‘We’re really making a change’


May 31—GRAND FORKS — Looking back on the last five months of his campaign for North Dakota’s U.S. House seat, Trygve Hammer says he couldn’t have hoped for it to go any better.

“Everywhere we go in North Dakota, we’ve had bigger and bigger crowds each time,” said Hammer, one of two Democratic candidates vying for the position.

If he receives the nomination in the primary over Roland Riemers, he will face whichever

Republican wins the party’s five-way primary.

But since January, when

Hammer declared,

he’s had a second goal beyond getting the nomination: he wants to build back North Dakota’s Democratic-NPL Party.

“We’ve really gotten people to come out of hiding, and now they’re asking for yard signs where they wouldn’t even put them up before, even when they said they’d vote for us,” he said. “I think we’re really making a change. I hope it wins us some this cycle. If not, I’m optimistic about cycles down the road.”

Throughout his campaign, voters he’s talked to have compared him to the Republican candidates, he said. For instance, some have said they’d like to see Hammer — a pro-choice candidate — debate

Republican Cara Mund,

who is also pro-choice.

But Hammer urged people to vote in the Democratic primary, and not cross over to vote in the Republican primary.

“If we have a low showing because a lot of people popped over (to vote on) the Republican side, that has a reverse bandwagon effect in the fall,” he said. “There are a lot of people who might identify as Democrats who would go out and vote if they saw some enthusiasm, but if they see a primary where we have barely any participation and everything’s happening on the Republican side, (they might say), ‘Why bother going out in the fall?’ “

Hammer said many Republicans have told him they would vote for him depending on which candidate wins the primary.
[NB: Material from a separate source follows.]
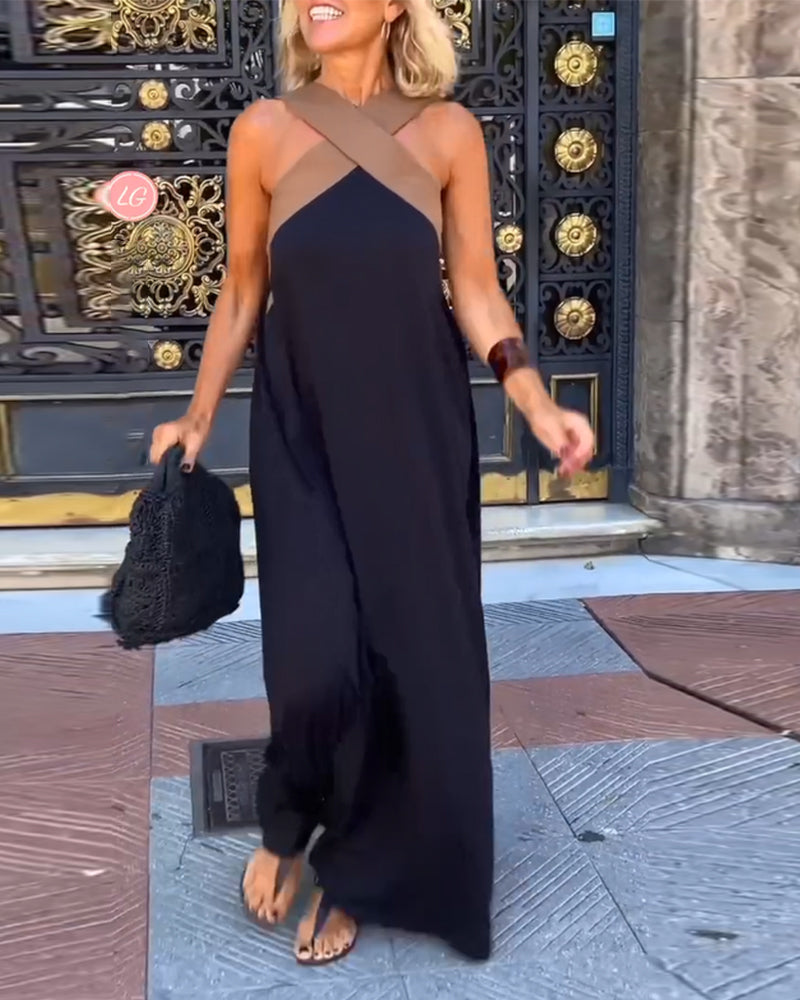 Camille | Elegante Lange Maxi Jurk Dames met Gekruiste Hals 0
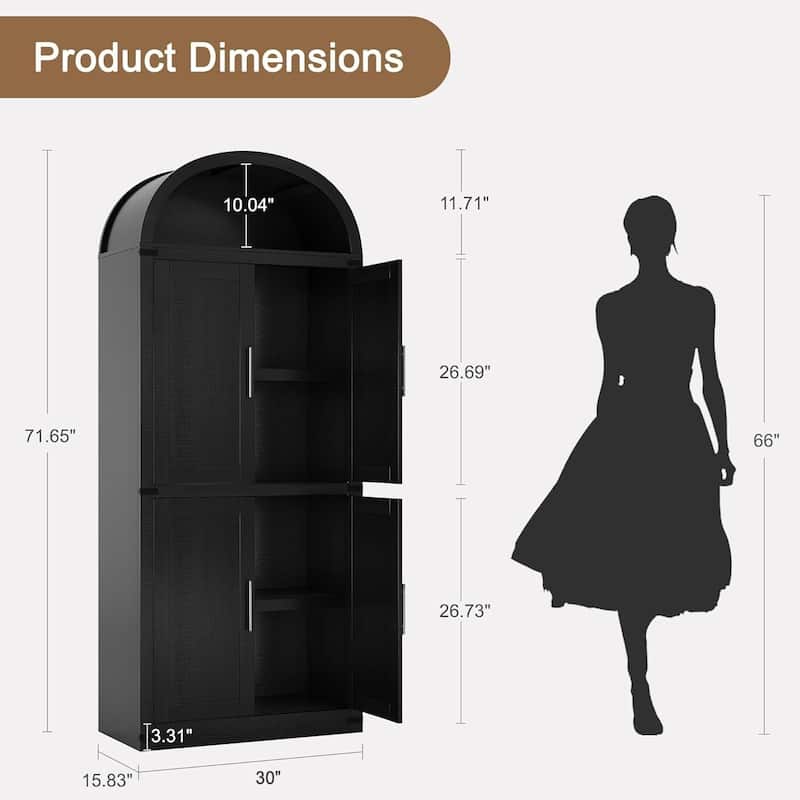71" Tall Arched Bookshelf - Wooden Bookcase Storage Cabinet Rounded Display Storage Shelves Cabinet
He said they tell him that because they’re tired of the party’s antics.

“I’ve had Republicans tell me that, ‘Hey, if

Rick Becker wins,

I’m voting for you,’ and I’ve had Republicans say, ‘If Cara Mund wins, I’m voting for you,’ ” Hammer said. “(Republicans) are not a monolith … as much as (people) might try to paint them that way.”

Compared to the other candidates, Hammer argued that he’s more in touch with the average North Dakotan than anyone else in the competition.

“The Republicans in their debates have talked about experience, but I have a lived experience that is more like that of most North Dakotans than anybody else in this race,” he said. “Working out on the oil rigs, teaching in a high school classroom at a rural school, being a conductor on the railroad, being a counselor over here at (Quentin N.) Burdick Job Corps — I have been among and been one of those people who don’t have a lot of money.”

While he highlighted the border and national debt as two issues he hopes to address, he says based on conversations he’s had with voters, even more pressing to North Dakotans is being able to afford to live and access health care.

“I would like to get comprehensive immigration reform, and I do think we need to tackle the debt and reduce the budget deficit, but what people are really talking about is their own debt, the fees that they don’t see coming every time they purchase something or read something,” Hammer said. “They’re worried about their parents who have never gotten nursing home insurance, and because many of them have shut down, (they’ll have to go) to a facility far from where their family actually lives.”